Bova bought property on Isle of Palms in 1992 — a fixer-upper that needed lots of help, thanks to Hurricane Hugo. She kept the house when she was posted to Portsmouth, Virginia, finally returning to the Low - country with her adopted daughter, Liann, when she retired from the NNC in 1998 with over 25 years of service.
Bova has since worked for two decades at Roper Hospital, MUSC and Trident Tech while pursuing hobbies in singing and dragon boat racing. Motherhood has meant sharing her enthusiasm and organizational skills as a troop leader for the Girl Scouts and as officer for the Charleston School of the Arts Booster Club, where her daughter majored in violin. “My Navy ‘family’ helped me raise my daughter,” Bova says. Liann, now majoring in nursing at the University of South Carolina, “will introduce my Navy Nurse friends as her Navy Nurse family.”
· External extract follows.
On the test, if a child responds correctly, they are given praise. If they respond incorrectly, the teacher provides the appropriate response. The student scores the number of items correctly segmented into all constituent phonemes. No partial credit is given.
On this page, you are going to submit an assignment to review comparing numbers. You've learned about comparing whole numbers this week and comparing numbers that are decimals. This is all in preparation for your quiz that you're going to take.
Southerland never planned to settle here, but over the years, she invested in real estate as she moved. When she needed a home for her sailboat, “Serenity,” a joint property and boat slip at Wild Dunes fit the bill. The place grew on her, and when she retired after 30 years, she quickly found other outlets for her energy, including the Turtle Team, tower bell ringing at Stella Maris, golf, service in the Coast Guard Auxiliary, and ticket management for the Family Circle Cup (now Volvo Car Open) tennis tournament.
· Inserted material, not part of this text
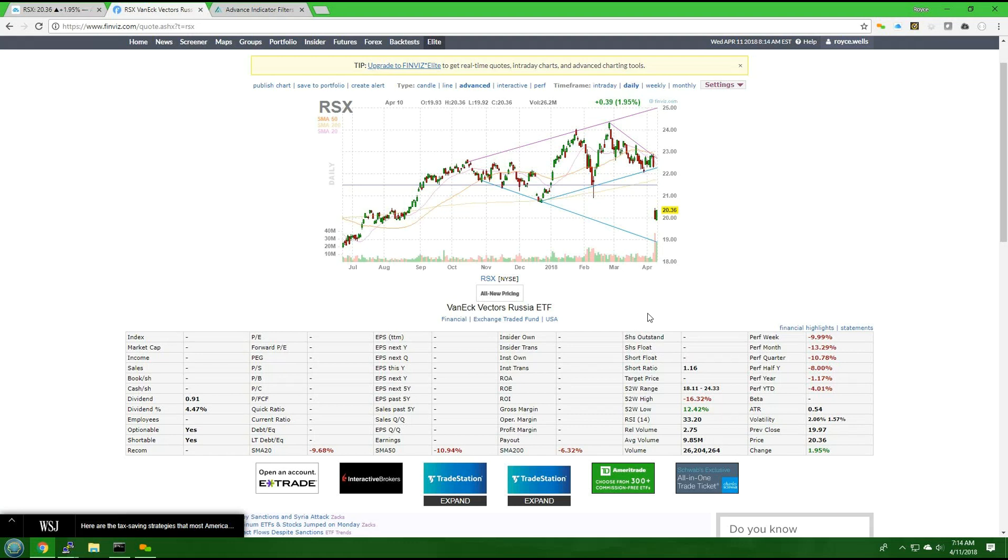Thank you for listening, and I hope to see you next time on Arbitrage Trades' next pick of the day.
Southerland’s love of sailing never ebbed. She tells tales of crewing for friends with sailboats as they moved along the coast and even across oceans. Ten years ago, she talked some of her neighboring boat owners into starting the Wild Dunes Yacht Club, which combines education and socializing on sea and shore. She proudly reports the initial group of 20 has grown to just under 200 members in 2016.
Daehn similarly wanted an active retirement with friends nearby, and Charleston fit the bill. Retiring with 29 years of service in 2002, she used her newfound free time to explore volunteer opportunities with organizations like the Turtle Team. “It tuned me in to the wildlife and natural beauty of our barrier islands,” she says, noting that she also works with the Charleston Horticultural Society’s annual plant sale, Plantasia. Additionally, she volunteers 16 hours a week with the Charleston Friends of the Library, having served on its board and in leadership roles over the years. She fills in her remaining time with travel and involvement in the national and Palmetto Chapter of the Navy Nurse Corps Association.”
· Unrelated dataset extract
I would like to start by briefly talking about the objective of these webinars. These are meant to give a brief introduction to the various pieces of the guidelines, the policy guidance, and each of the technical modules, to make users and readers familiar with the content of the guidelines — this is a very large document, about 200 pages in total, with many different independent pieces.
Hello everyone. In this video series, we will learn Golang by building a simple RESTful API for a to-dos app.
Widhalm, who always wanted to be stationed in Charleston, was “absolutely thrilled” when she finished her Executive Officer tour in Guam and was selected for Command at the Charleston Naval Hospital. She retired in 2006 with 31 years of service and now lives in Wild Dunes, where she volunteers with Hospice of Charleston, plays golf, sails, sings in the Stella Maris choir, and gives special love and attention to her dog sitting charges. Widhalm also champions the NNCA, for which she was a charter member: “I was ‘married’ to the Navy. I gave most of my time to my job and whatever the organization needed.”
Far from widowing these nurses at retirement, the NNCA advocates for retired and active duty nurses, collects stories of veterans and celebrates the contributions of nurses in the military.
All four are involved in the organization’s local and national leadership. Through their work with the NNCA and beyond, the Navy values of Pride, Patriotism, Integrity, Discipline and Camaraderie continue for Bova, Daehn, Southerland and Widhalm. Their equally active and adventurous lives prove their lifelong mission of service and leadership.